When I was two or three years old my mum, to keep me quiet while she did the weekly shopping, would tell me if I was good our last stop would be the toy shop. For a long time she'd buy me a matchbox toy car every week. The collection grew and grew. I'd play racing games with them. I knew every car on the road, especially all the sports cars, and had a model of most of them. Then one day we passed a different toy shop. It had Britains and Timpo toy soldiers in the window. I was mesmerised. There ended my love affair with cars and my new one with toy soldiers started. I never bought a Matchbox Car again. Top Gear still just isn't my bag. But I guess, some Pavlovian response, a deep-seated memory of my weekly 'treats' kicks in when I see a nicely painted tank, or a zulu or a medieval knight, or a Star Wars spaceship, or...

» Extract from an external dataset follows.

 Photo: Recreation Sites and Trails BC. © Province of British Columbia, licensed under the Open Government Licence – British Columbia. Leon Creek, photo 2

I've never seen the point in having toy soldiers if you don't play with them. As week after week my little collection of cowboys, knights, British and Germans grew, there followed battles with knights for my toy castle, shoot'em down games with toy cannons, battles on the carpet with Airfix tanks and eventually expeditions to shops and a club in London to fight 'proper' wargames with rules which now appear crazily over-complicated. For a kid born in the sixties this was actually all pretty normal. This was an era of lots of war films and cowboy films, and no-one thought twice about buying boys toy guns for Christmas. Modelling was a big hobby and WWII was fresh in the memory of at least our parents generation. My dad would tell me about how his air raid shelter door was blown off on a raid on Liverpool docks, and one kid at school even had an older father who had been a Spitfire pilot. With no computer games to entertain us, lots of kids tried out their 'prototypes' -wargaming where you had to roll dice and look up tables-at one time or another and I guess I was a bit more serious about it than most.

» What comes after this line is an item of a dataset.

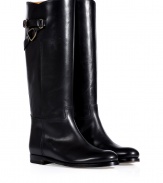 Give your look a flawless equestrian edge with Ralph Lauren Collections burnished black calfskin boots - Rounded toe, buckled top strap, wheeled welt, short stacked leather heel - Knee height - Ideal for wearing with knit dresses, tights and mini-skirts, or ultra skinny jeans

I first got distracted by role-playing games when someone brought a set of Dungeons and Dragons to the Wargames Club. My mum persuaded me to give my treasured collection of Airfix 1/32 figures and Britain's knights and cowboys, which Donald Featherstone's 'Skirmish Wargaming' given a new life, to a neighbour's young son. My Hinchcliffe 25mm Byzantine Army disappeared into the attic, and I don't know what happened to most of my Airfix 1/72 scale tanks and figures. Then came girlfriends, and eventually work, wife and kids intervened for a couple of decades...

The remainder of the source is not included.